Taylor Swift may have finally gotten political, but her public savvy remains intact. Breaking a long-standing policy of staying out of politics, on Sunday night the country and pop star endorsed two Democrats in Senate and House races in Tennessee, where she's registered to vote, via Instagram post. She also seemingly timed her announcement to coincide with the final days in which voters in many states can register to vote in the midterms, and urged her followers to visit Vote.org to register themselves.

Many also pointed out, though, that the announcement came just a day after she ended the final American leg of her Reputation Stadium Tour. That means she wouldn't have to worry about concert boycotts, protests, or conservatives deciding to performatively burn their T-Swift tickets and posting videos on social media (conservatives really, truly do love to post videos of themselves burning things when they're upset). It's very easy to view Swift's timing with cynicism. The great work of the Reputation album cycle is, for all intents and purposes, done.

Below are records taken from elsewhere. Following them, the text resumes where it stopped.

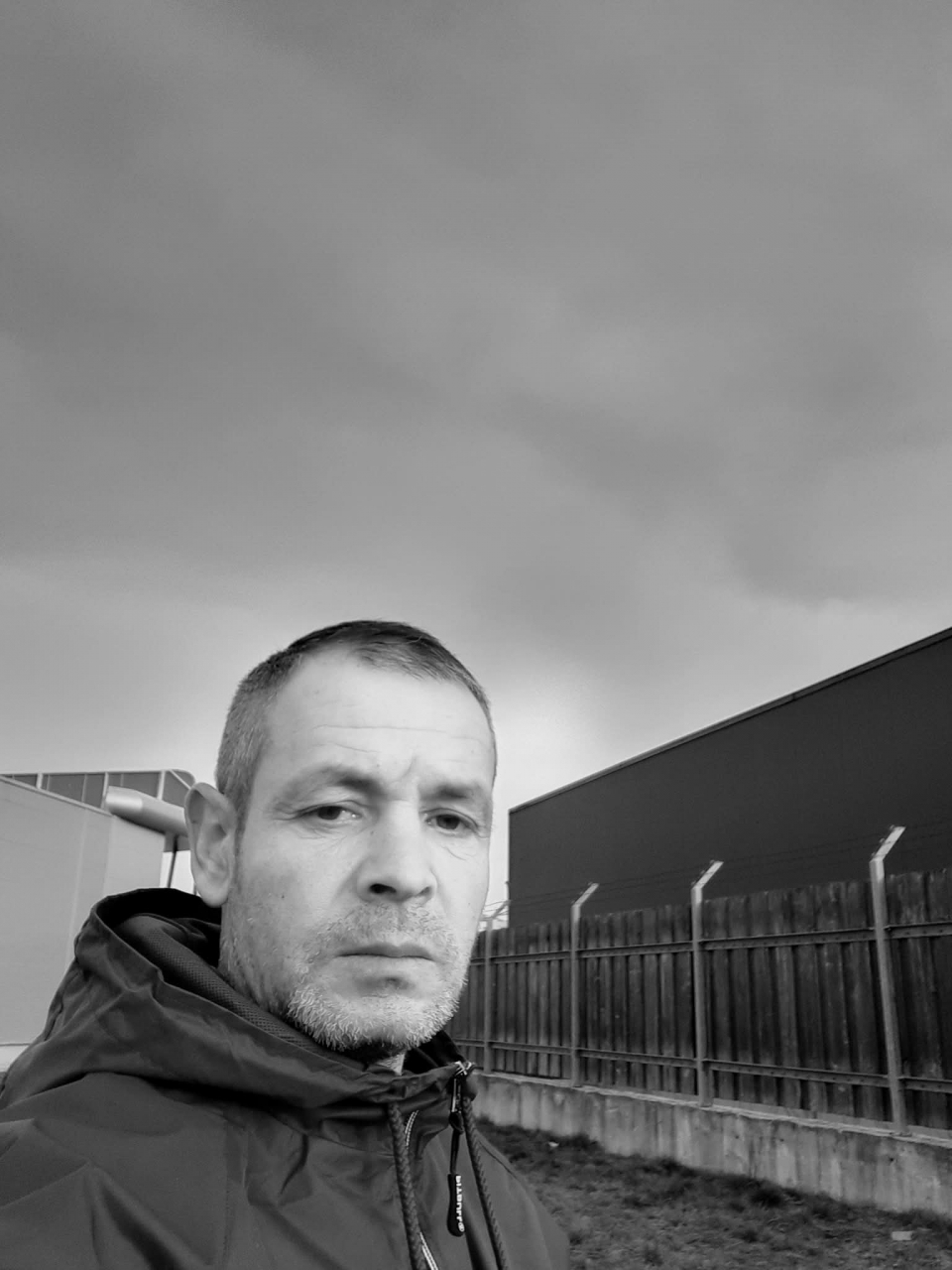 Bărbat Caut Relație Serioasă.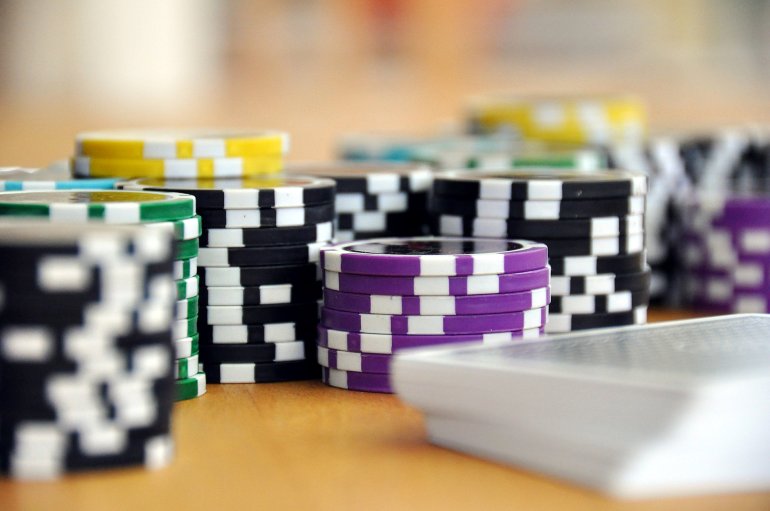 Fichas de casino con partes metálicas como medio de falsificación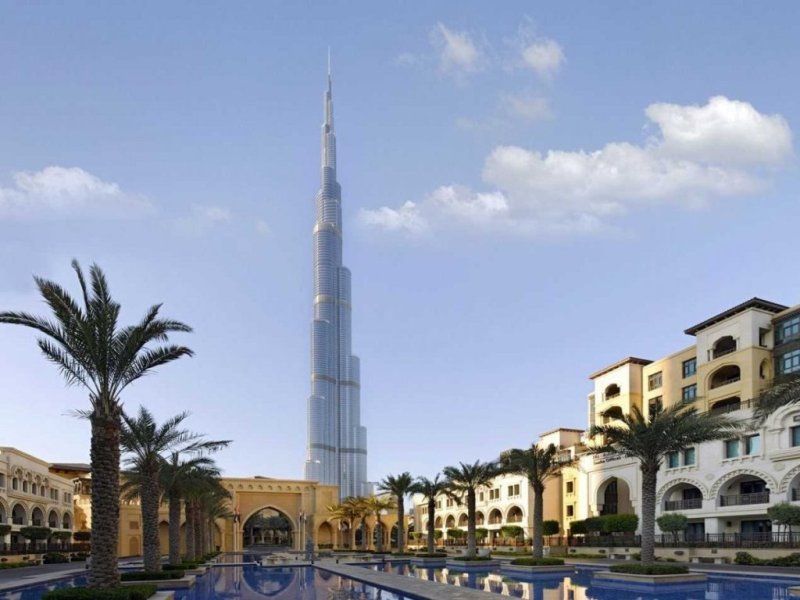 迪拜的哈利法塔(burj khalifa tower,原名迪拜塔),目前世界最高的建筑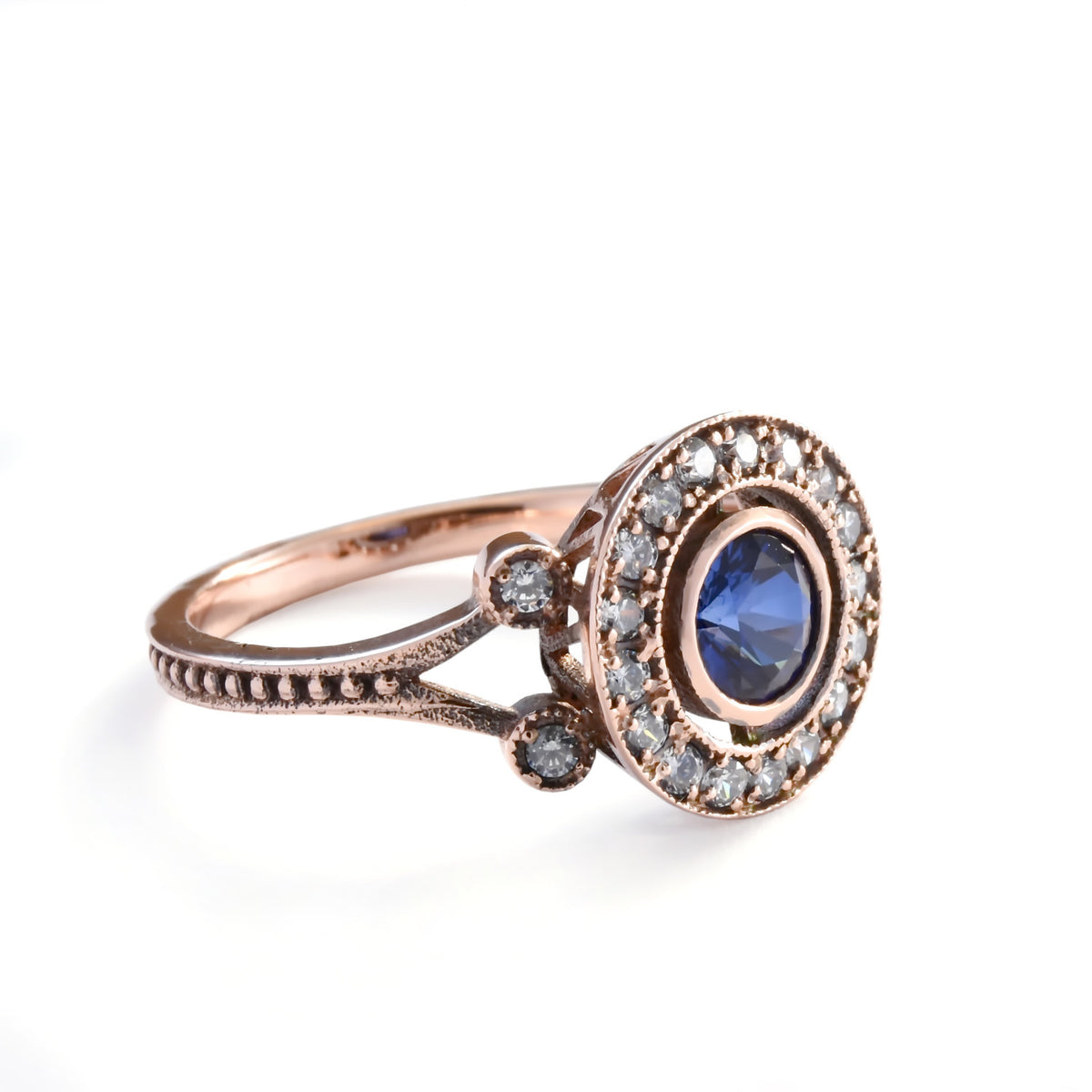 RG1822A-1 Luxurious Sapphire and Zircons ring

Yet it seems that Swift didn't have to worry too much about any possible right-wing blowback. In the day since her Instagram post, multiple albums from her catalog are once again burning back up the iTunes American album sales chart.

According to iTunesCharts.com, a site that keeps a record of chart performances, Swift's most recent record, Reputation, sat at number 32 on Saturday. That's not bad for a record that's been out almost a year, but the news cycle has propelled it back into the top 10. As of this writing, the album is number seven on the charts. It's the highest the album has climbed on the chart since July.

Likewise, Swift's 2014 album, 1989, wasn't even on the charts on Saturday, and hadn't been since briefly reappearing back in August. Now, the record is back in the top 100 and sitting in 94th place. Meanwhile, her breakthrough 2008 album, Fearless, has also popped back up into the charts at number 166. They say no press is bad press, and having her name so prominently in the news today likely isn't hurting album sales.

But there might be something else going on. While Swift may have risked losing some fans who support President Donald Trump and his enablers in the current GOP-controlled Congress, she seems to have gained some new ones on the left. It also seems that some who were put off by Swift's political silence, and who responded by in turn being publicly silent about their fandom, are now ready to enjoy her music publicly again.

The iTunes charts, unlike the Billboard charts, are a reflection of of-the-moment sales, rather than weekly cumulative sales, but the bump bodes well for a post–political silence Swift.

Besides, it's not like coming out against Trump has really hurt any other pop star's career. Adele urged American fans not to vote for him, and she's doing fine. Beyoncé supported Hillary Clinton, and Trump attempted to shade her for it, but it didn't cause so much as a hiccup in her career. Eminem has released multiple Trump disses, and that didn't keep him from his ninth Billboard number one and a few record-breaking moments for his latest album, Kamikaze. Swift's career will likely be just fine.

Besides, it's not like we should be surprised that Taylor Swift supports Democrats after all that. She's close friends with Lena Dunham, and an active and admitted Tumblr lurker. Did we expect anything else?